Penerapan pola hidup sehat tidak lepas dari peran keluarga. Eva menambahkan, memberikan makanan bergizi seimbang dan menciptakan kebiasaan beraktivitas fisik pada anak sejak dini dapat memutus rantai obesitas sejak dini.
Peran keluarga sangat penting untuk bisa memutus rantai obesitas karena dalam keluarga bisa diciptakan kebiasaan-kebiasaan baik terkait perubahan pola perilaku. Selain itu, penting juga untuk melakukan skrining kesehatan enam bulan sekali.
”Peran keluarga sangat penting untuk bisa memutus rantai obesitas karena dalam keluarga bisa diciptakan kebiasaan-kebiasaan baik terkait perubahan pola perilaku. Selain itu, penting juga untuk melakukan skrining kesehatan enam bulan sekali,” lanjut Eva.
Pilihan kemasan Selain itu, masyarakat diminta agar memperhatikan label kemasan makanan dan minuman untuk membatasi asupan gula, garam, dan lemak. Dalam sehari, batas maksimal konsumsi gula seseorang adalah 50 gram, garam sebesar 1 gram, dan lemak sebesar 67 gram.

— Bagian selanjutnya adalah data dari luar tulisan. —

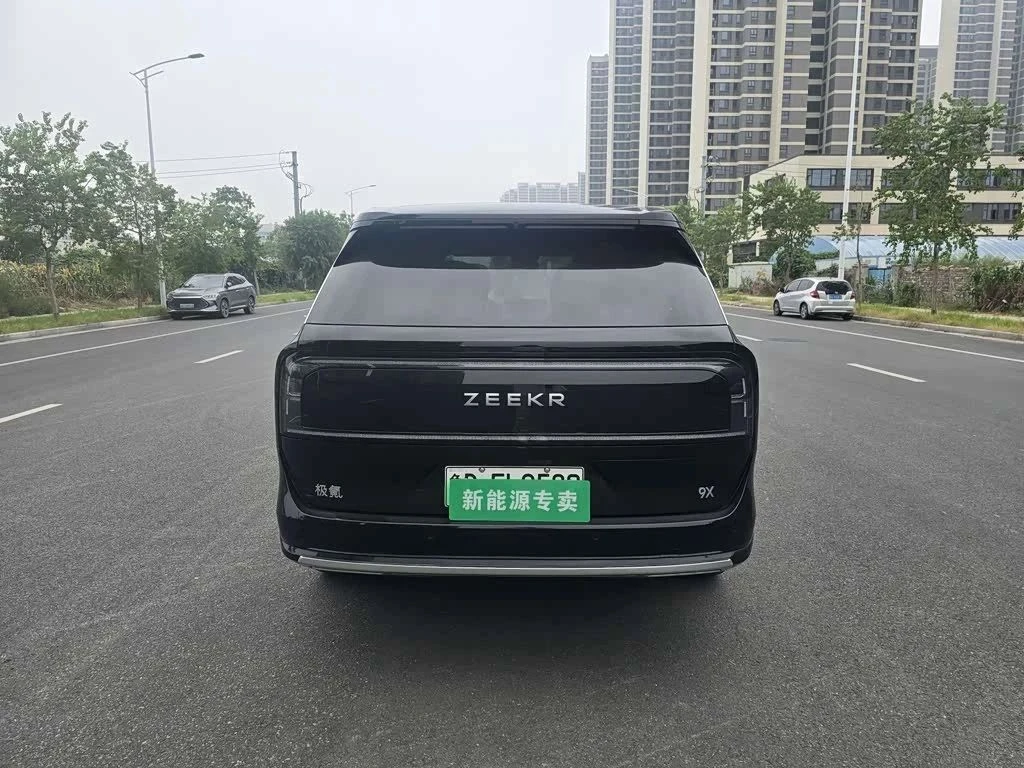 Zeekr 9X, снимка 8 - Автомобили и джипове - 56689625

”Dengan selalu cermat membaca label kemasan dan menjadikannya sebagai kebiasaan, masyarakat akan lebih cerdas untuk memilah zat gizi apa yang harus dipenuhi dan yang harus dibatasi agar terhindar dari berbagai penyakit, salah satunya obesitas,” tutur Pengawas Farmasi Makanan Ahli Muda Badan Pengawas Obat dan Makanan (BPOM) Meliza Suhartatik.

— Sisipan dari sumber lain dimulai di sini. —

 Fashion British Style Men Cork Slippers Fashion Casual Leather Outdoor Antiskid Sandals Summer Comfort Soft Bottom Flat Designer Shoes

Meliza menjelaskan, salah satu cara untuk memudahkan masyarakat memilih makanan dan minuman yang lebih sehat adalah mencantumkan keterangan logo ”Pilihan Lebih Sehat” pada kemasan yang memenuhi kriteria kandungan gula, garam, lemak, dan zat gizi lainnya. Dengan begitu, masyarakat diharapkan bijak memilih produk dan tetap mengonsumsinya dalam jumlah yang wajar.